Drifting, though, isn’t trying to compete with other, more mainstream racing like Formula 1 or the British Touring Car Championship. Not, at least, according to David Egan, vice-president of the Drift Masters European Championship (DMEC). “I’ve always looked at drifting as a form of motorsports entertainment,” Egan explains, as the DMEC gears up for the start of the 2021 series. “Comparing it to Formula 1 is like comparing BMX stunt bikes to the Tour de France. It still has the technicality, the precision and the skill of traditional motorsport but it is very much catered towards a live audience.”
While live audiences could be thin on the ground again this year, the DMEC is determined to put on a show for its fans who follow the slide-and-catch antics on YouTube and other forms of social media. “I think that the growth of drifting has aligned itself very much with the growth of social media,” says Egan. “Where traditional motorsports would have used traditional media – radio, television, newspapers – drifting has very much younger, more PlayStation-generation fans. They’re on YouTube, and social media streams like Facebook, Instagram and Tiktok. It has become a huge sensation to the younger audience which maybe isn’t the traditional audience of traditional motorsport. Drifting has actually grown exponentially to the point where online events are now getting millions of views.”
Drifting’s growing popularity is due, says Egan, to the sheer excitement of the machinery. For example, the rules are less stringent than in F1, so the design and mechanical package of the car is more open to interpretation and essentially down to the individual. Plus, a full season might only cost €500,000, making it relatively more accessible to up-and-coming superstars than more traditional racing. Even so, the sport has clearly come a long way from its midnight club origins in 1980s Japan. Even Motorsport UK now has an official drifting championship, doubtless keen to latch onto a younger audience.
The DMEC season will start at the end of May, in Greinbach, Austria. This year, the tracks will include the likes of the vertiginous Lillesand Arena in Norway and the Bikernieku Trase Circuit in Riga, Latvia, where competitors hit almost 100mph before starting to slide the cars. Bikernieku is considered so hard that it will have its own special prize, ‘The King of Riga’, attached to the event.

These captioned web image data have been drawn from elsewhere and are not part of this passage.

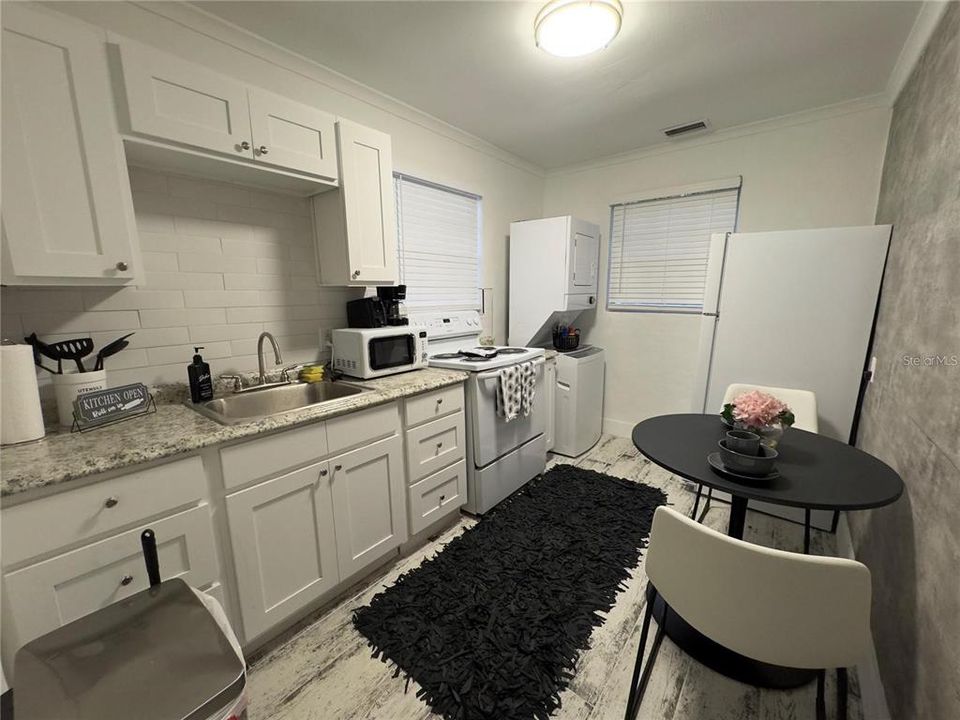 Под контрактом: $1,350,000 (6 спален, 6 ванн, 3080 Квадратных фут)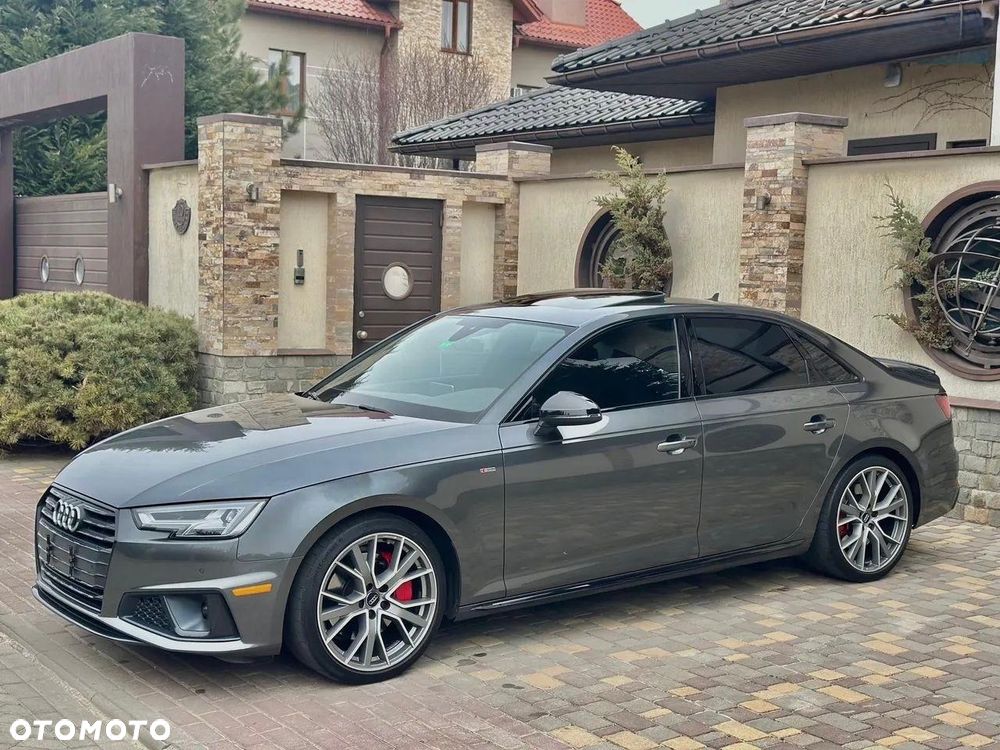 Audi A4 Limousine 2.0 TFSI quattro S tronic design - 4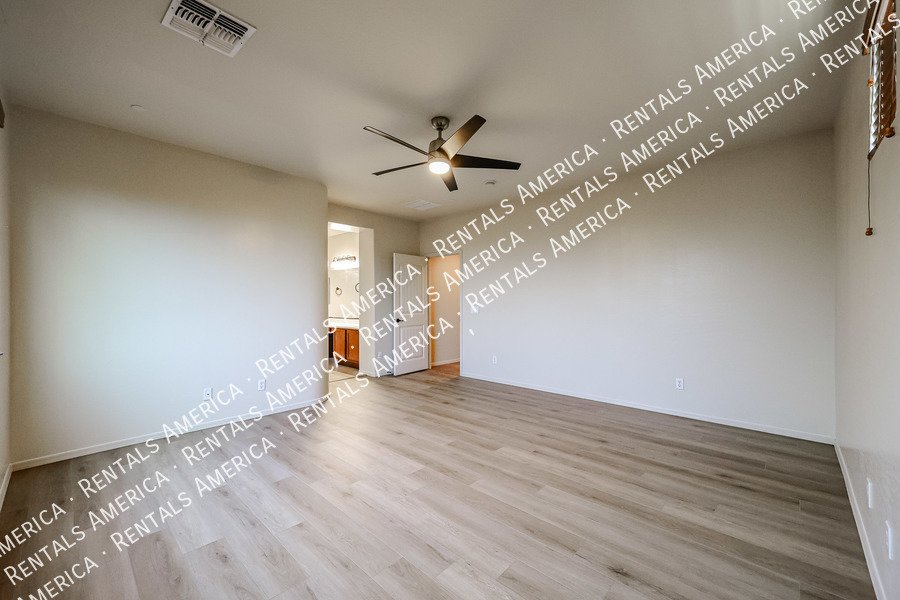 4 bedroom/3 bath with 3 car tandem garage! property image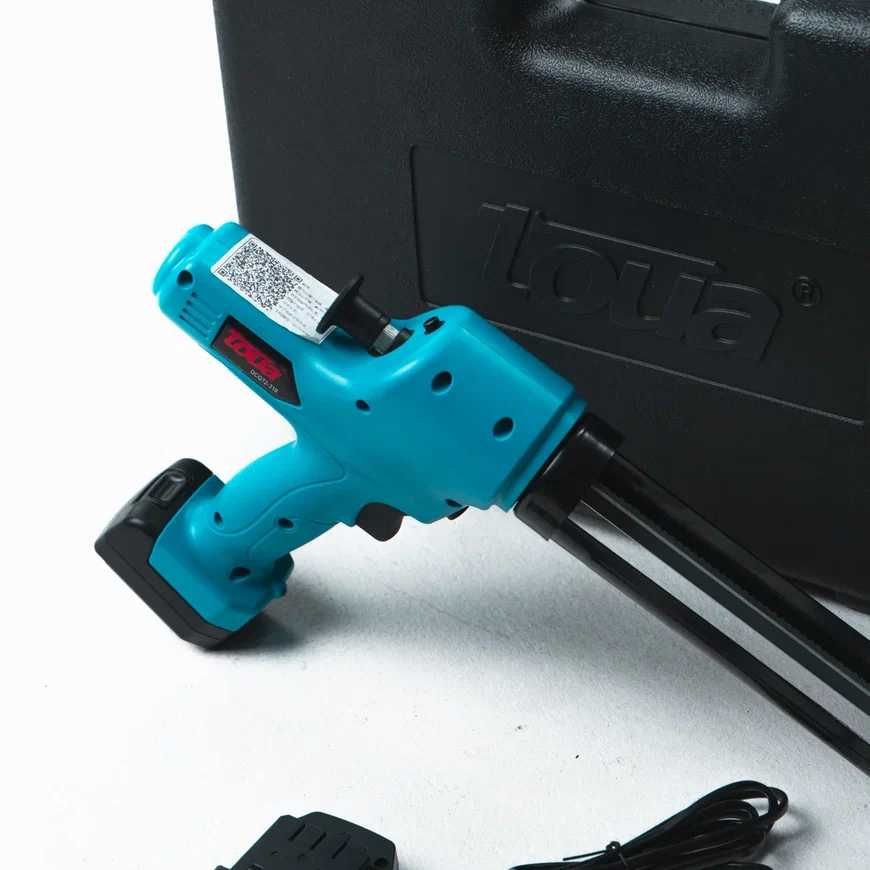 Аккумуляторный
пистолет для
герметика и клея
Toua DCG72-310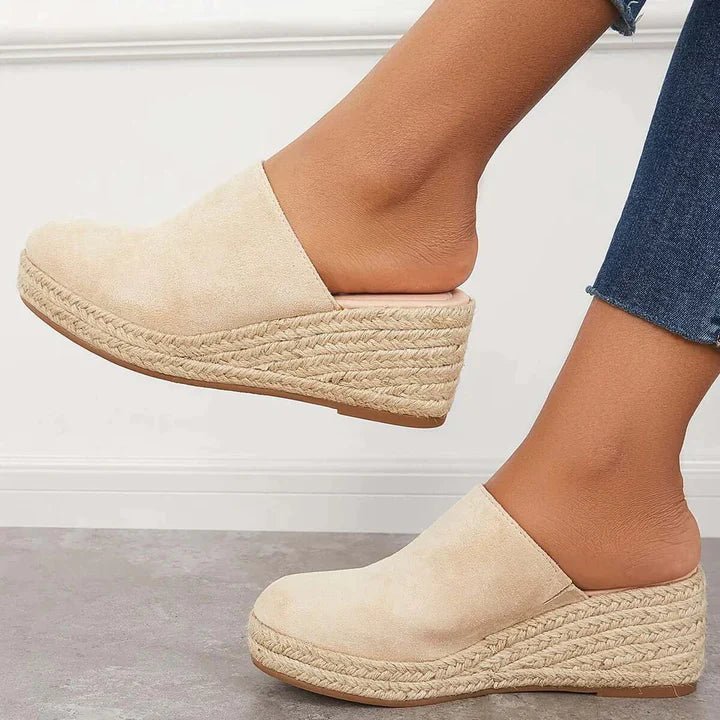 GR | Suede sandals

There will also be what might prove a wild, city-centre drifting battle in Tbilisi, Georgia, where the organisers – perhaps fancifully – want to build a ‘Monaco of drifting’.
While the series has a distinct Eastern European and Nordic flavour – following the fanbase, to a certain extent – drifting could be about to catch on in the UK with the appearance of some home-grown talent. Well, close to home-grown. One of the big stars of 2021 is likely to be Ireland’s Conor Shanahan, from Cork.